基金This work is supported by the National Natural Science Foundation of China (NSFC, nos. 61340046), the National High Technology Research and Development Programme of China (863 Programme, no. 2006AA04Z247), the Scientific and Technical Innovation Commission of Shenzhen Municipality (nos. JCYJ20130331144631730), and the Specialized Research Fund for the Doctoral Programme of Higher Education (SRFDP, no. 20130001110011).

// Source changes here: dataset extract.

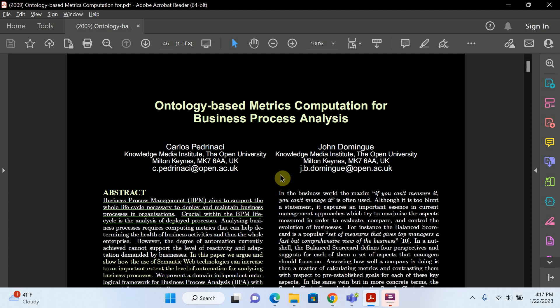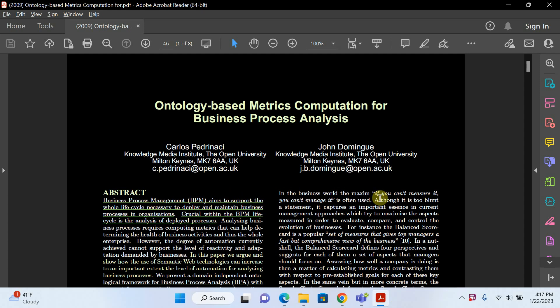Now you can see that my Adobe Acrobat Reader has become dark mode. So there are different ways you can do it. You can change different colors or whatever you like. Thanks for watching my video. If you like my content, give a thumbs up. Thank you.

文摘Person re-identification (re-id) on robot platform is an important application for human-robot- interaction (HRI), which aims at making the robot recognize the around persons in varying scenes. Although many effective methods have been proposed for surveillance re-id in recent years, re-id on robot platform is still a novel unsolved problem. Most existing methods adapt the supervised metric learning offline to improve the accuracy. However, these methods can not adapt to unknown scenes. To solve this problem, an online re-id framework is proposed. Considering that robotics can afford to use high-resolution RGB-D sensors and clear human face may be captured, face information is used to update the metric model. Firstly, the metric model is pre-trained offline using labeled data. Then during the online stage, we use face information to mine incorrect body matching pairs which are collected to update the metric model online. In addition, to make full use of both appearance and skeleton information provided by RGB-D sensors, a novel feature funnel model (FFM) is proposed. Comparison studies show our approach is more effective and adaptable to varying environments.